> [YOUR ASSIGNMENT] Copy the lines below as they are; omit the images they contain.

>>

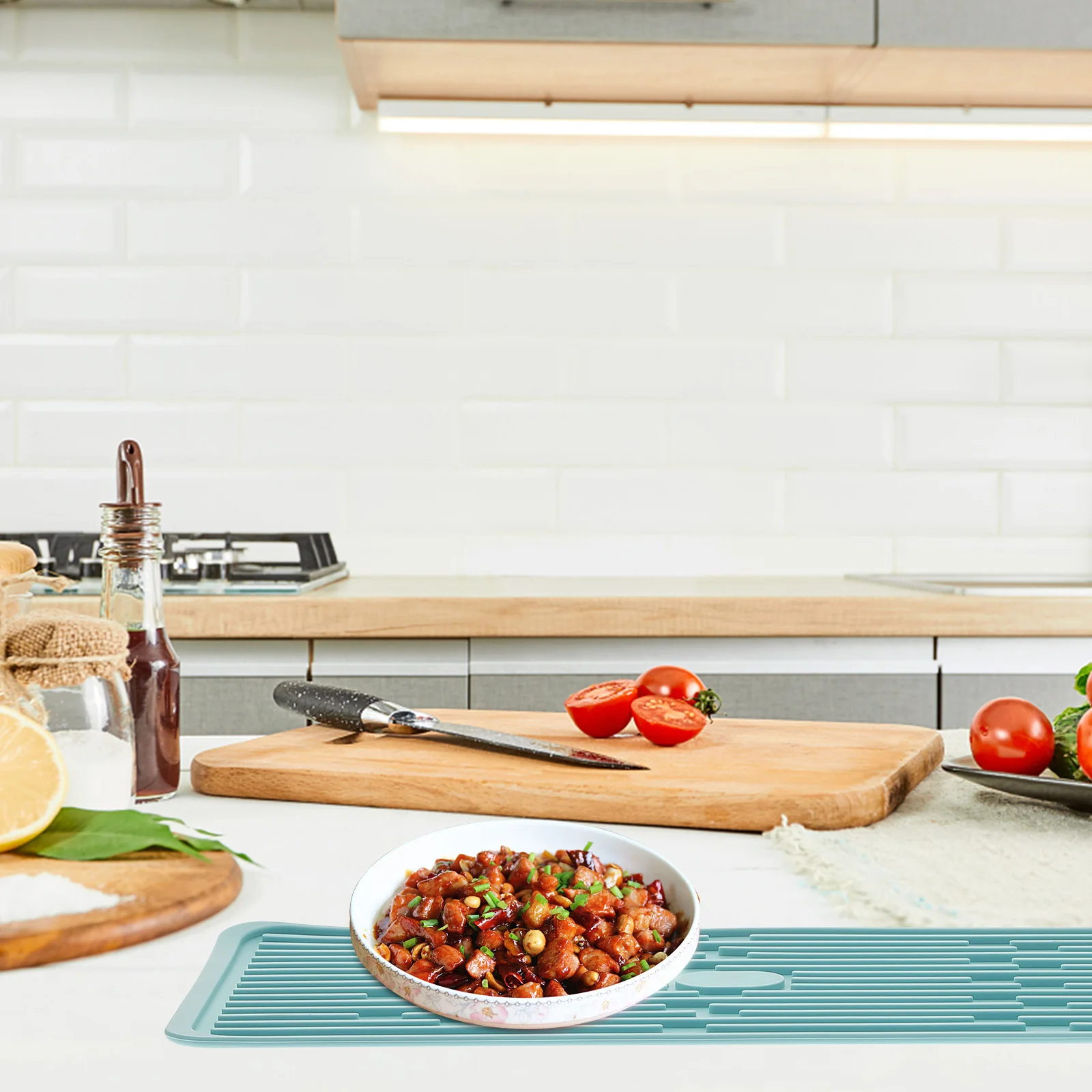 

Silicone Drying Mat Kitchen Counters Reusable Dish Rack Pad Non Slip Beautiful Practical Small Size Easy Clean
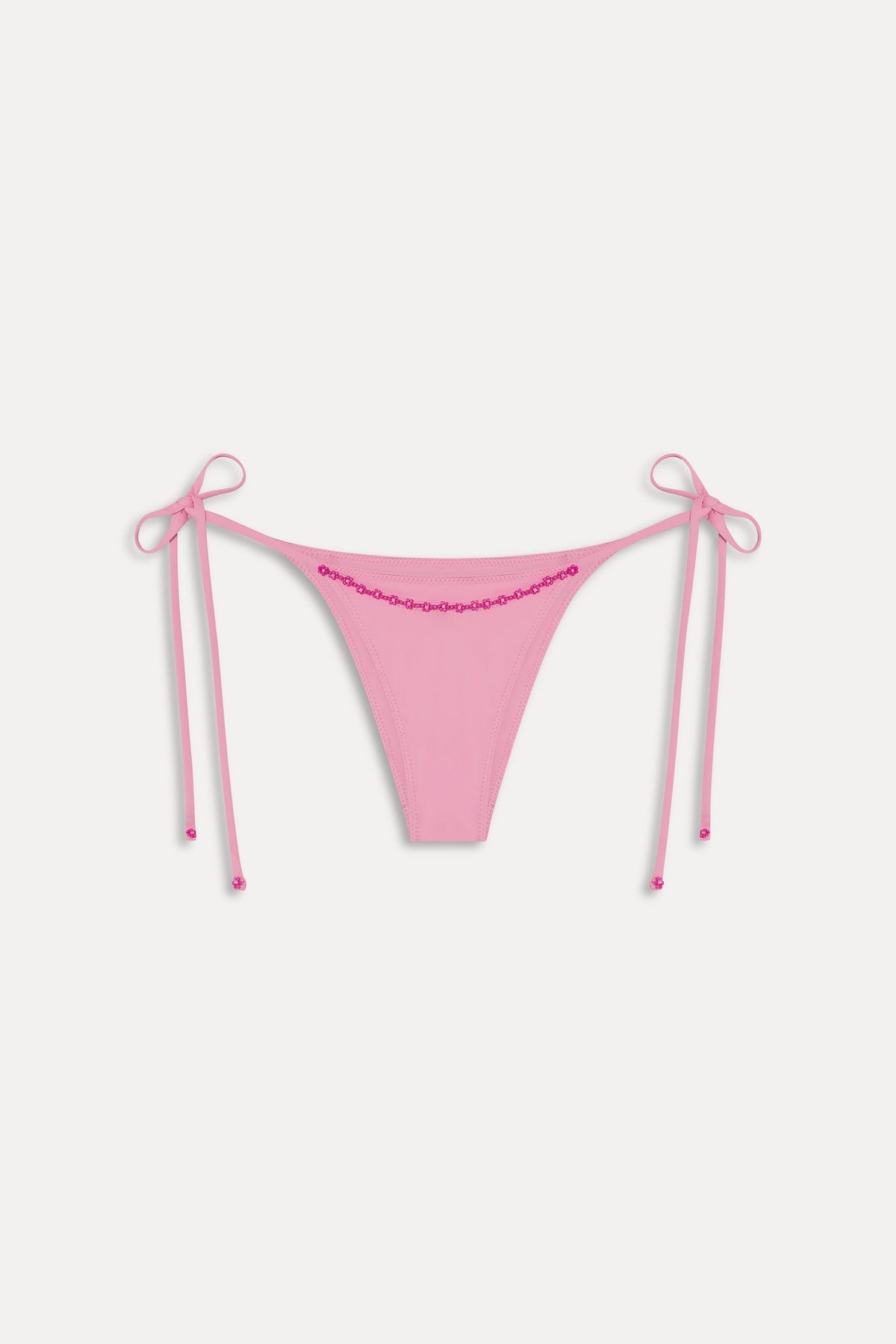 Mackenzie Cheeky Beaded Bikini Bottom - Pastel Pink | Frankies Bikinis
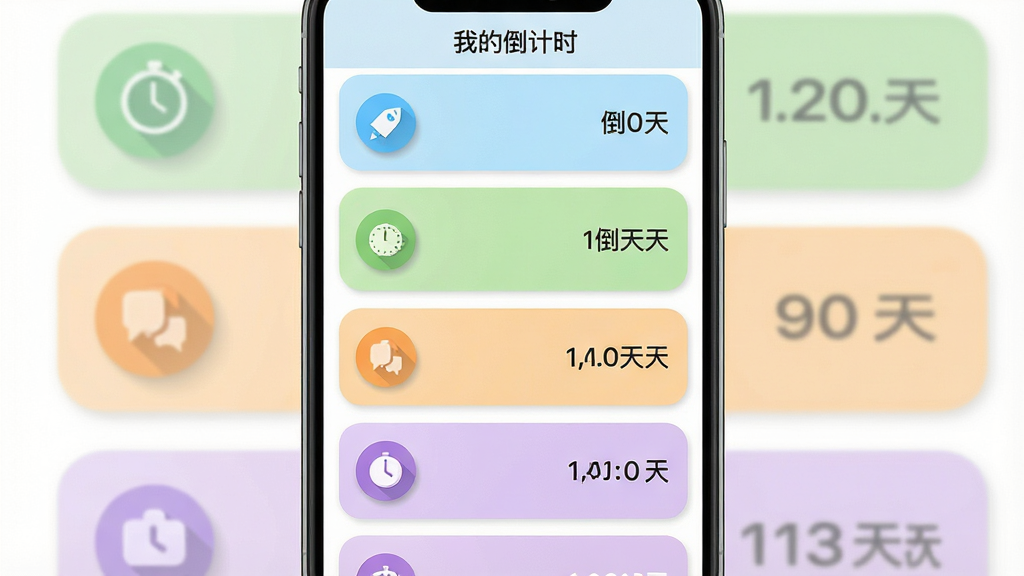主体为智能手机竖屏界面截图,界面以列表形式展示多个倒计时卡片,每个卡片左侧有不同颜色的圆形图标,右侧显示剩余天数。卡片背景色依次为浅蓝、浅绿、浅橙、浅紫,形成彩色列表。整体布局为上下滚动列表,排版整齐,风格为清爽的扁平UI,细节包括卡片圆角、图标阴影和顶部栏的“我的倒计时”标题。画质高清,干净无多余元素。
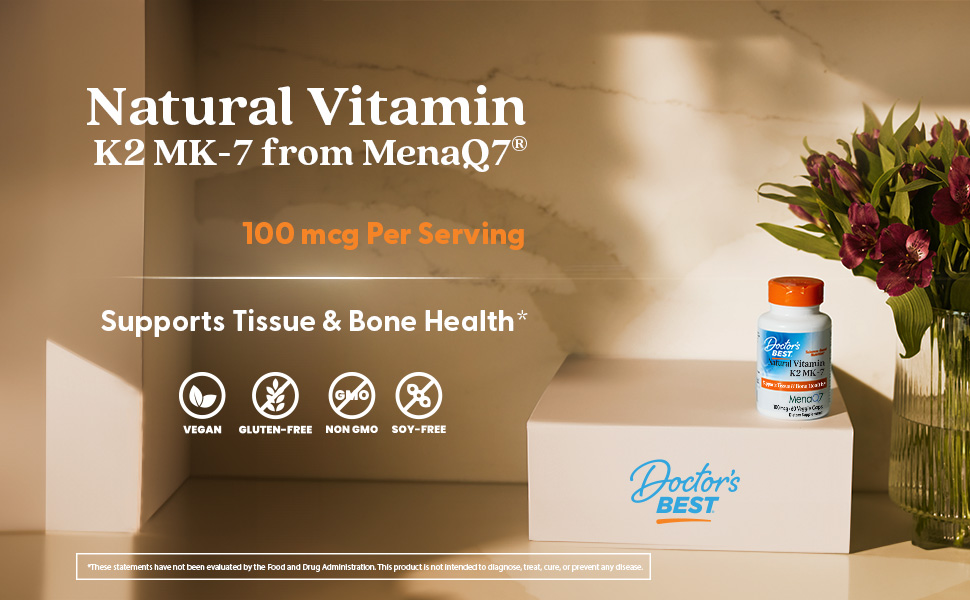 Doctor's BEST Natural Vitamin K2 MK7 Supplement, Non GMO, 60 Veg Caps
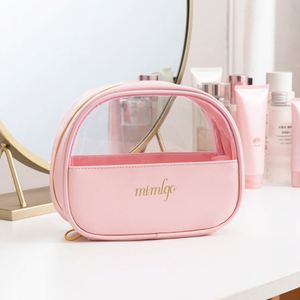 Sacs de maquillage professionnels en PU pour femmes, avec logo personnalisé, nouvelle marque privée, mini sacs à fermeture éclair roses et rouges, vente en gros - Product Image 5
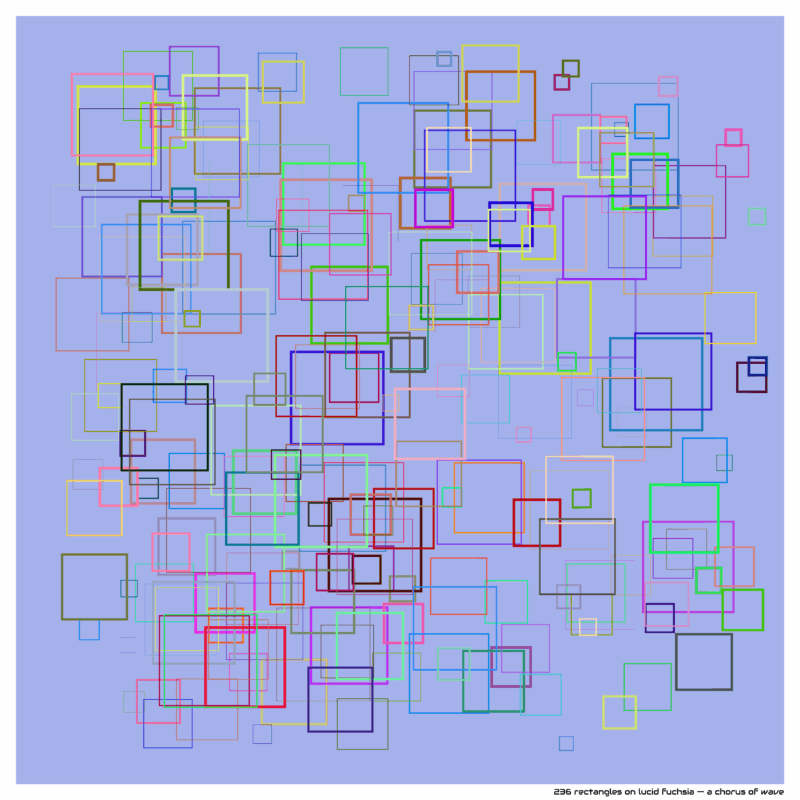 236 rectangles on lucid fuchsia — a chorus of wave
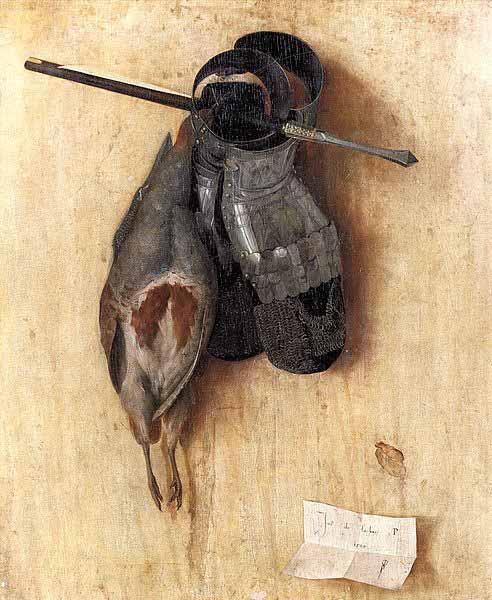 Jacopo de Barbari Still-Life with Partridge and Iron Gloves oil painting image
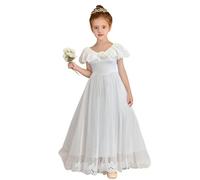 Vestido Niñas - Vestido Blanco De Un Solo Hombro Estilo Francés Suave para Niñas De 8 A 13 Años (White 11-12 Years)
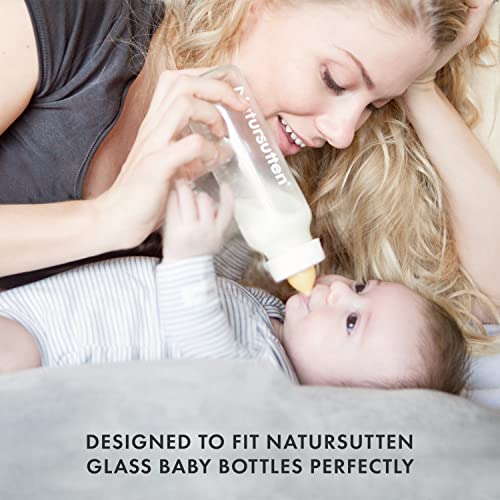 Natursutten Replacement Baby Bottle Sealing Caps 2-Pack - Spare Seal Discs Parts For Natursutten Anti-Colic Baby Bottles - Replace Compatible Glass Bottle Seals #TOP4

<<

> [EXERCISE RESPONSE]
Silicone Drying Mat Kitchen Counters Reusable Dish Rack Pad Non Slip Beautiful Practical Small Size Easy Clean
 Mackenzie Cheeky Beaded Bikini Bottom - Pastel Pink | Frankies Bikinis
主体为智能手机竖屏界面截图,界面以列表形式展示多个倒计时卡片,每个卡片左侧有不同颜色的圆形图标,右侧显示剩余天数。卡片背景色依次为浅蓝、浅绿、浅橙、浅紫,形成彩色列表。整体布局为上下滚动列表,排版整齐,风格为清爽的扁平UI,细节包括卡片圆角、图标阴影和顶部栏的“我的倒计时”标题。画质高清,干净无多余元素。
 Doctor's BEST Natural Vitamin K2 MK7 Supplement, Non GMO, 60 Veg Caps
 Sacs de maquillage professionnels en PU pour femmes, avec logo personnalisé, nouvelle marque privée, mini sacs à fermeture éclair roses et rouges, vente en gros - Product Image 5
 236 rectangles on lucid fuchsia — a chorus of wave
 Jacopo de Barbari Still-Life with Partridge and Iron Gloves oil painting image
 Vestido Niñas - Vestido Blanco De Un Solo Hombro Estilo Francés Suave para Niñas De 8 A 13 Años (White 11-12 Years)
 Natursutten Replacement Baby Bottle Sealing Caps 2-Pack - Spare Seal Discs Parts For Natursutten Anti-Colic Baby Bottles - Replace Compatible Glass Bottle Seals #TOP4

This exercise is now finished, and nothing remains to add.